Thanks to his talent, longevity and productivity, it is possible that Karl Lagerfeld did more than any other designer to shape the look of the late 20th century and the beginning of the 21st century. Across more than six decades, five different brands (three at the same time) and numerous collaborations, he flooded the area from Paris to Dallas to Shanghai, dressing Hollywood, the high and the main street.
But why say when you can show? Here are some of the most notable looks from nearly every stage of an extraordinary career.
In 1954, Mr. Lagerfeld, a young German with no formal training in fashion, won the coat category of the prestigious Woolmark Prize – a chance event that led to a job as an assistant to fashion designer Pierre Balmain, who was one of the judges . After just three years in that studio, while still in his twenties, Mr. Lagerfeld was appointed artistic director of Jean Patou, a brand founded in 1914, whose founder was known for liberating the female form and creating the Joy perfume.
There, Mr.
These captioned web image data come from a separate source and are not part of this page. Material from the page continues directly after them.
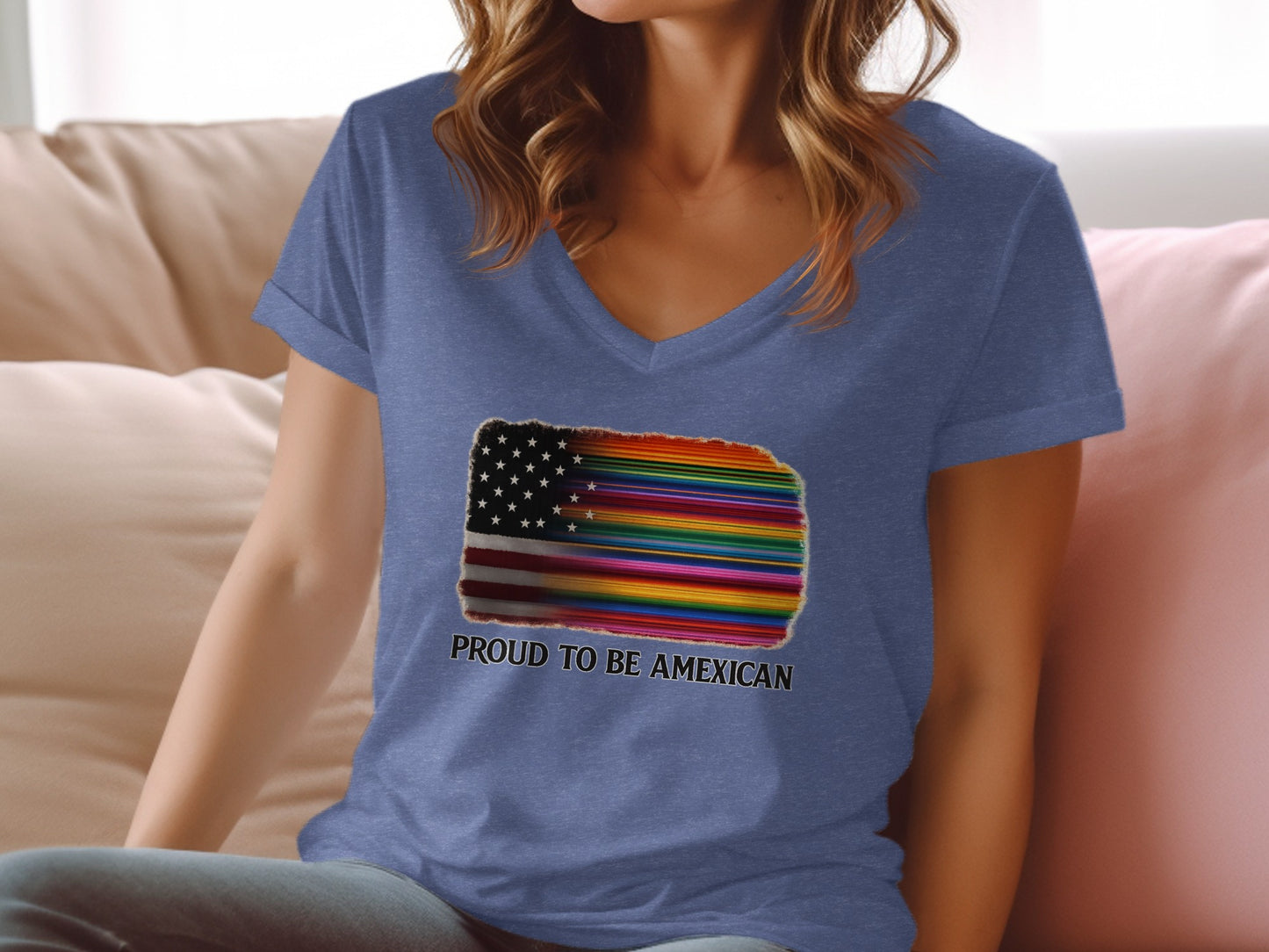 Proud to Be Amexican Graphic T-shirt product type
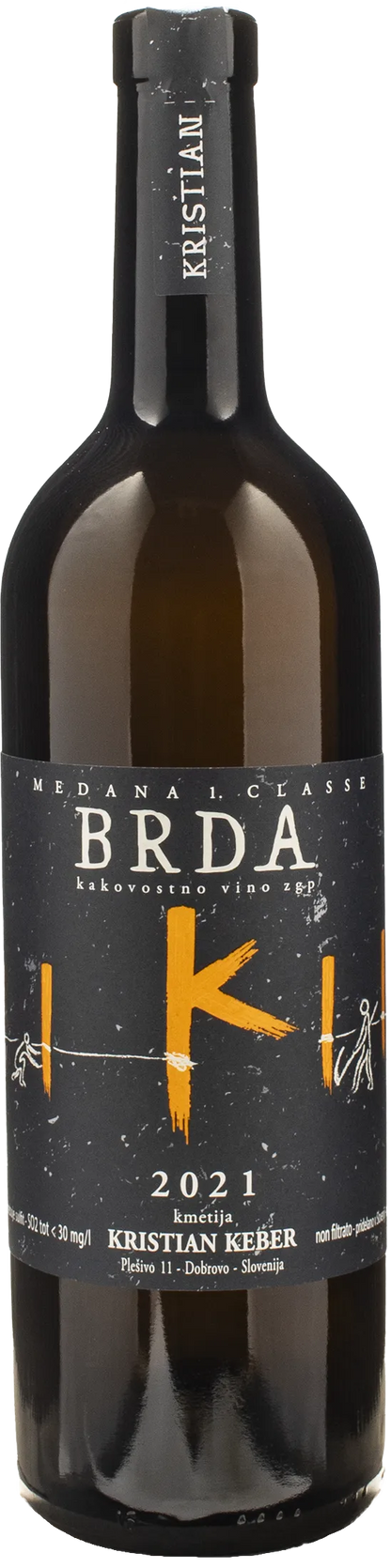 Kristian Keber Brda KKK 2021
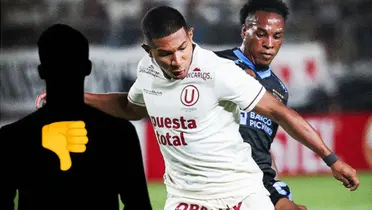 Universitario en su primer partido en Libertadores (Foto: Universitario)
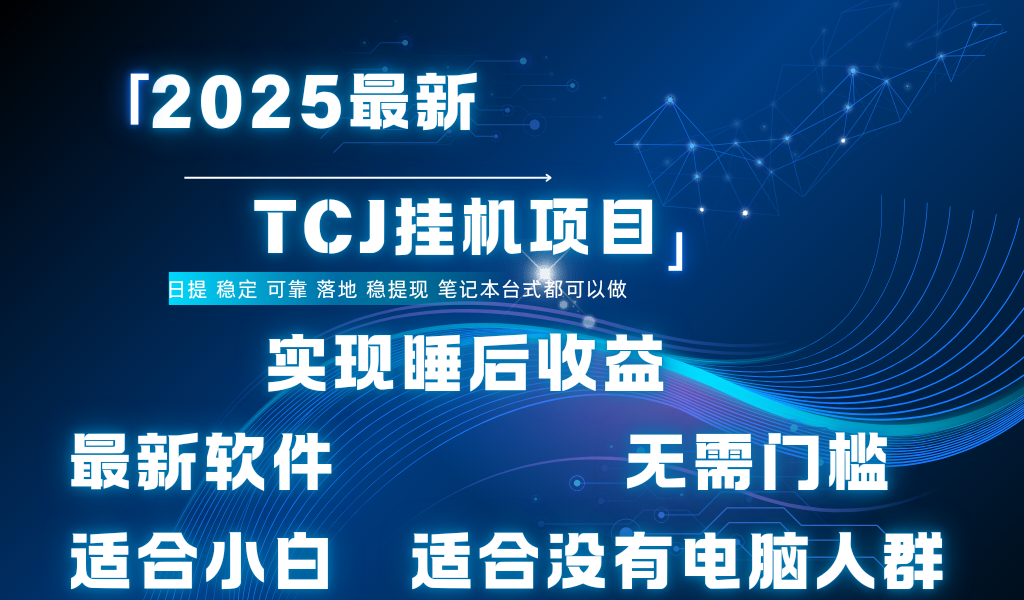 最新海外TCJ无门槛美金项目可矩阵放大操作 单日可达400+日提_云峰项目库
Lagerfeld went on to create 10 couture collections over five years, laying the groundwork for his own ease in working with small hands and his ability to let off steam happily within the confines of an established aesthetic.
In 1966, Mr. Lagerfeld became the creator of Chloé, one of the first ready-to-wear brands in Paris, working first with its founder, Gaby Aghion (who first hired him as a freelancer in 1964) , before becoming sole designer in 1974. He remained with the brand until 1983, returning from 1992 to 1997.
The first works of Mr. Lagerfeld at Chloé, a name that has become synonymous with a certain eccentric femininity, may surprise many, playing with prints and surrealism. But it also reflected his ability to balance luxury eccentricity and portability, with an eye for commerce (he never saw “sales” as a dirty word). By his second stint, he had fully embraced bohemianism and set the tone for what was to come.
In 1965, the five Fendi sisters, who inherited their family fur business from their parents, Adele and Edoardo, called on Mr. Lagerfeld to design their ready-to-wear and fur collections.
They may have thought they had a smart designer, but what they actually got was a lifetime partnership. Silvia Venturini Fendi, the daughter of Anna Fendi, who grew up designing Fendi bags and menswear alongside Mr. Lagerfeld, recalled that even as a child, “when Karl arrived” it was clear “something something special was going on and I should be careful.”
Mr. Lagerfeld created the “FF” logo, which represented the concept of “fun fur” (as well as Fendi), then began shaving, dyeing, sculpting and otherwise transforming the material, as well as introducing skins such as high fashion mole, rabbit and squirrel.
His work on the runway was equally experimental, with a wide range of references including Roman roots and Fendi futurism. When LVMH bought the brand in 1999, Mr. Lagerfeld followed suit, eventually creating a “high fur” line (who had even heard of it before?) to accompany ready-to-wear, remaining staunchly pro-fur even as the public mood changed and other brands turned against the idea of wearing animal skins.
In 1982, Mr. Lagerfeld obtained the job that would propel him into the fashion stratosphere: artistic director of Chanel, at the time a brand known mainly for perfumes and bourgeois handbags. Taking an approach he summed up in highly questionable terms (“Chanel is an institution, and you have to treat an institution like a bitch – and then you get something out of it”), he revives a moribund brand, offering a model for the industry that is still in place today.
Taking classic Chanel iconography – the camellia, the pearls, the Maltese cross, the curly suit – with a heavy dose of irony and irreverence, he succeeded in making the brand a pop culture phenomenon, a symbol of classicism and a financial juggernaut. He helped create and popularize the traveling fashion show, taking his runway to Salzburg, Edinburgh, Shanghai and Havana; imagined sets of viral tracks like an iceberg (sculpted from parts of a Swedish glacier), a supermarket and a rocket (which actually took off); made mini-movies with Nicole Kidman and Kristen Stewart; and ultimately helped lift the brand’s annual sales to $11 billion.
Perhaps tired of working in style vernaculars established by others, in 1984 Mr. Lagerfeld founded his own namesake line. Although she would never attain the size or fame of Chanel or Fendi, and although she underwent many ownership changes, Lagerfeld, the brand, reflected her personal style more closely than any of her other brands. Imagine rock ‘n’ roll couture with a Teutonic twist, filtered through a monochromatic lens, and you’ll get the idea.
In 2004, Mr. Lagerfeld became the first couture designer to collaborate with a mainstream brand when he signed on to create an H&M collection. The fashion world was first shocked, then intrigued, and after the range of black suits, portrait t-shirts and Karl-style LBDs sold out in seconds, a whole new genre and approach were born.
Anna Grace Lee And Callie Holterman contributed report.